The police were trying to identify the source for the “Afghan Files” reporting by ABC journalists Sam Clark and Dan Oakes in 2017 about the role of Australian special forces in the illegal killing of civilians in Afghanistan. The reporters used material provided by a whistleblower within the defence ministry.
“If confirmed on appeal, this federal court ruling will set a disturbing legal precedent by turning investigative reporters and whistleblowers into criminals,” said Daniel Bastard, the head of RSF’s Asia-Pacific desk. “The ABC story never compromised national security and clearly served the interests of the Australian public, who have a right to reliable and independent information freely reported by journalists. We call on the federal judges to guarantee this right on appeal by recognizing the search warrant’s illegality.”
Ruling fraught with consequences
Under the warrant, the police were authorized to search for evidence that the two journalists had “unlawfully obtained military information” and “dishonestly received stolen property.” The supposedly stolen property was the leaked documents that exposed the illegal killings reported in the “Afghan Files.”

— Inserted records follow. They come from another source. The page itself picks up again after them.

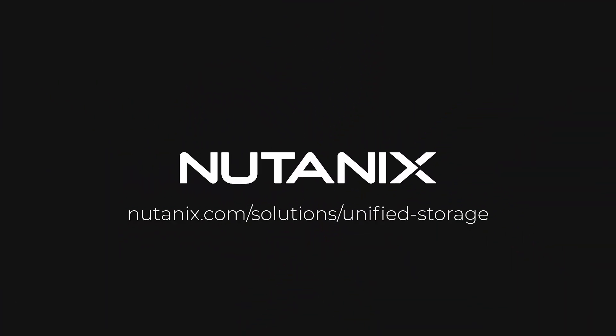Check out our other videos on Nutanix unified storage and if you'd like to keep up to date with the very latest on Nutanix files and objects go ahead and subscribe to the channel. Have a good one.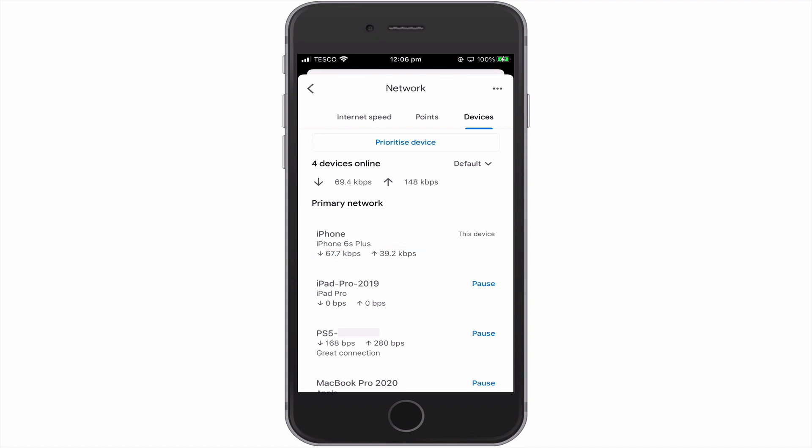To the right of each device, we have an option that will allow us to pause and restart an individual device's access to the internet. This function is very useful if you do not recognise a device connected to your home network, or if you want to control when a specific device is allowed to access the internet.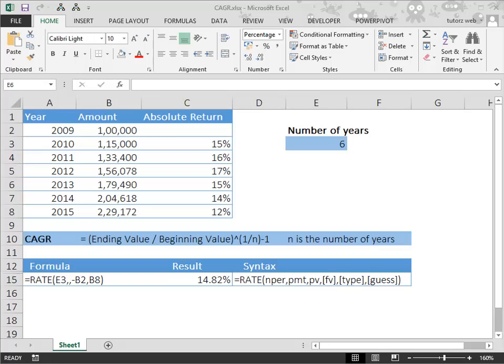Let's see how we can quickly calculate CAGR in Excel. We will use the rate function.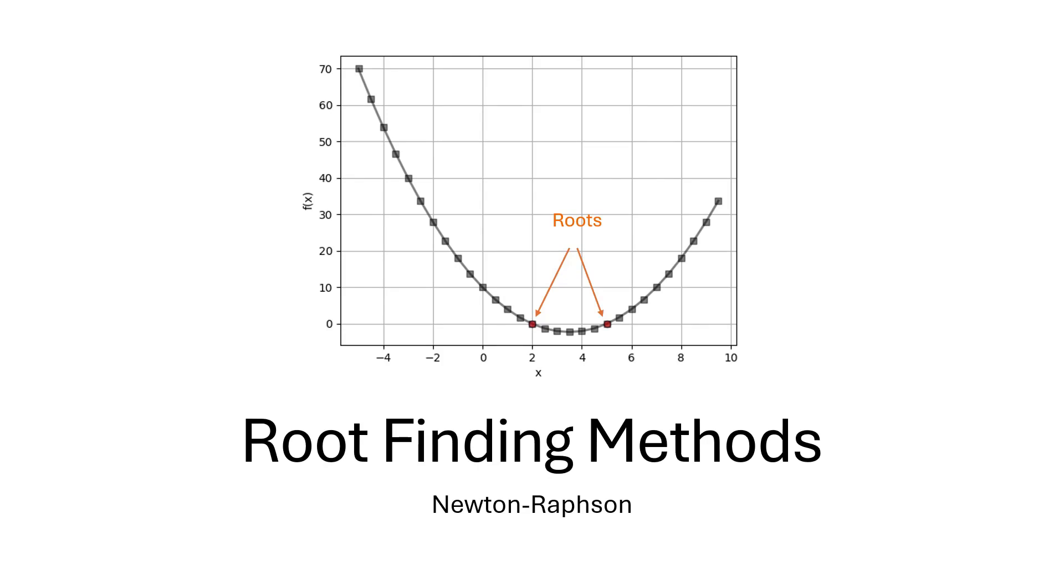Hello and welcome to the sixth video of the root finding method series. In this video we will learn about one of the most popular root finding methods, which is known as the Newton-Raphson method.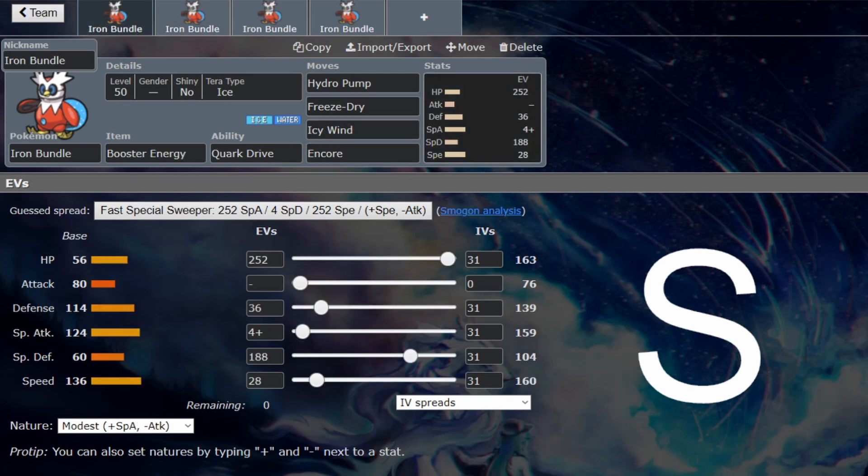It can make use of the Assault Vest. That Special Defense investment is not too bad with the Assault Vest—you'll take some special hits for sure. Because you don't have Booster Energy, you still need max Speed. The point of Iron Bundle is it's so fast to spam those Icy Winds. Even with Assault Vest, you shouldn't drop your Speed at all. It needs to be max Speed, so it's not going to be doing too much damage, but you'll still have some survivability.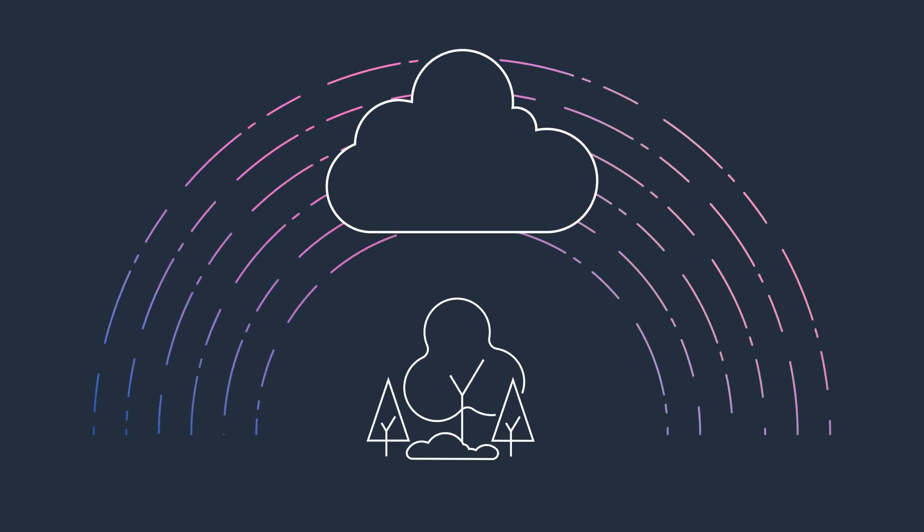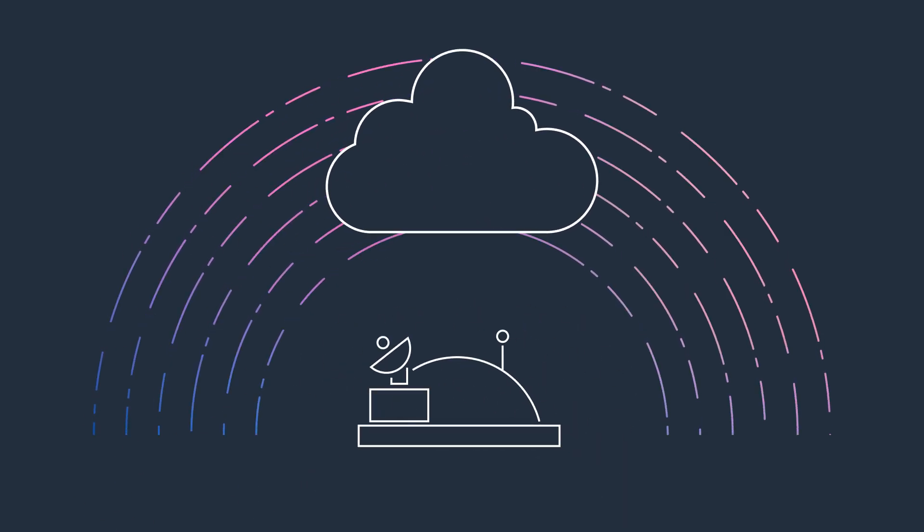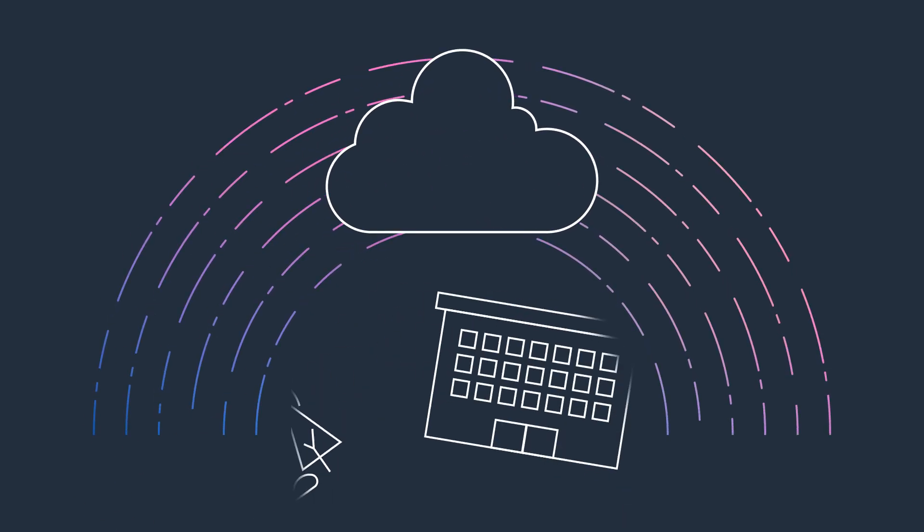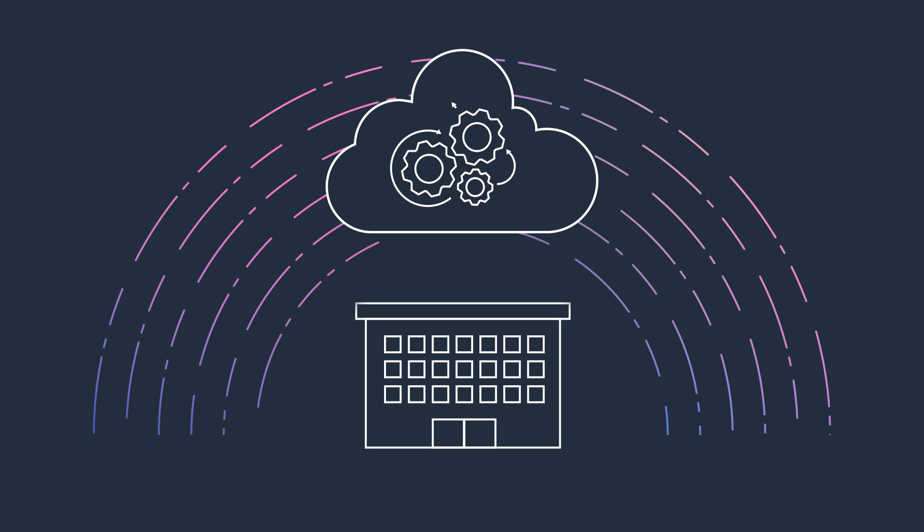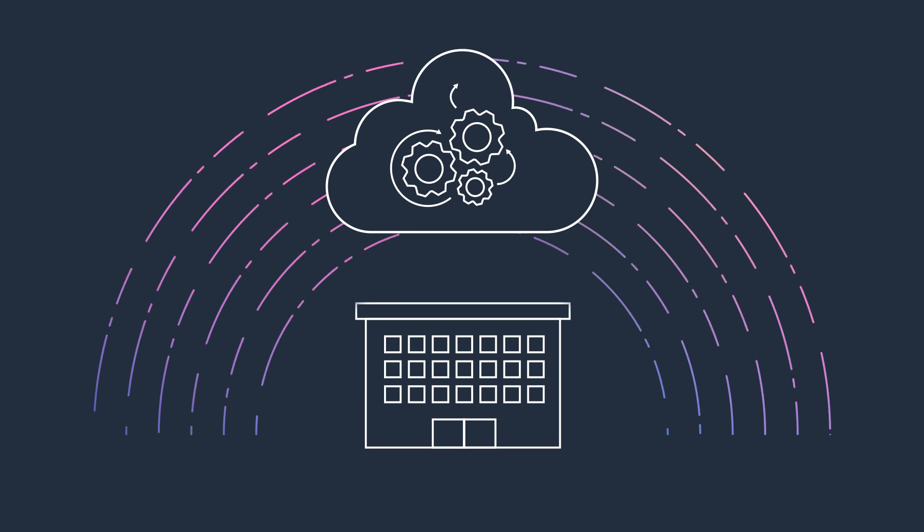The cloud has become an indispensable tool for businesses, offering unparalleled efficiency, agility, and innovation.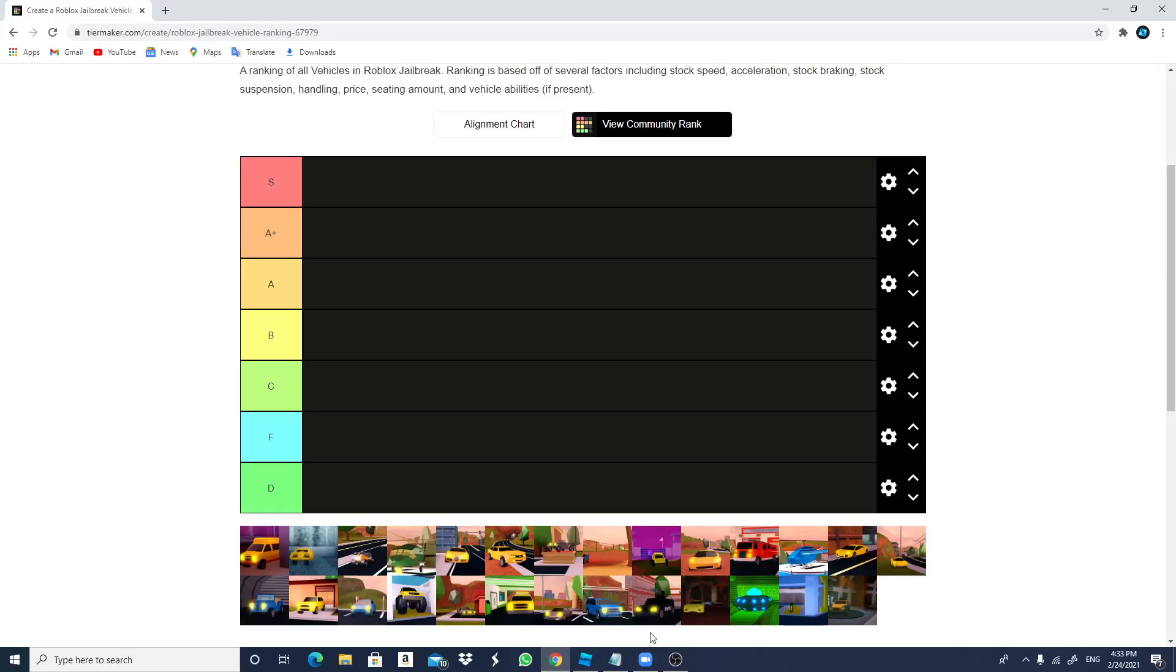What's up guys, welcome back to the channel. Today I'm going to be actually ranking my favorite jailbreak cars. As you can see, I have it on tiermaker.com slash create a Roblox jailbreak vehicle ranking.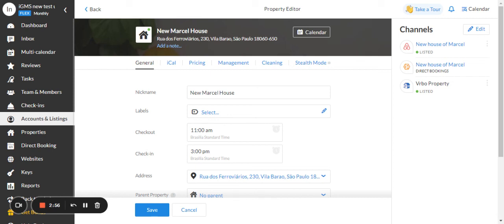This way, you can manage your listings as one. Thank you and see you next time.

The federal police raid on ABC was all the more shocking for coming just one day after a raid on News Corp political editor Annika Smethurst’s home in Canberra. The timing of the two raids was widely seen as a deliberate attempt to intimidate investigative journalists.
The judicial precedents set by these two cases are particularly fraught with consequences inasmuch as Australia’s constitutional law contains no guarantees for press freedom.
Australia is ranked 21st out of 180 countries in RSF’s 2019 World Press Freedom Index.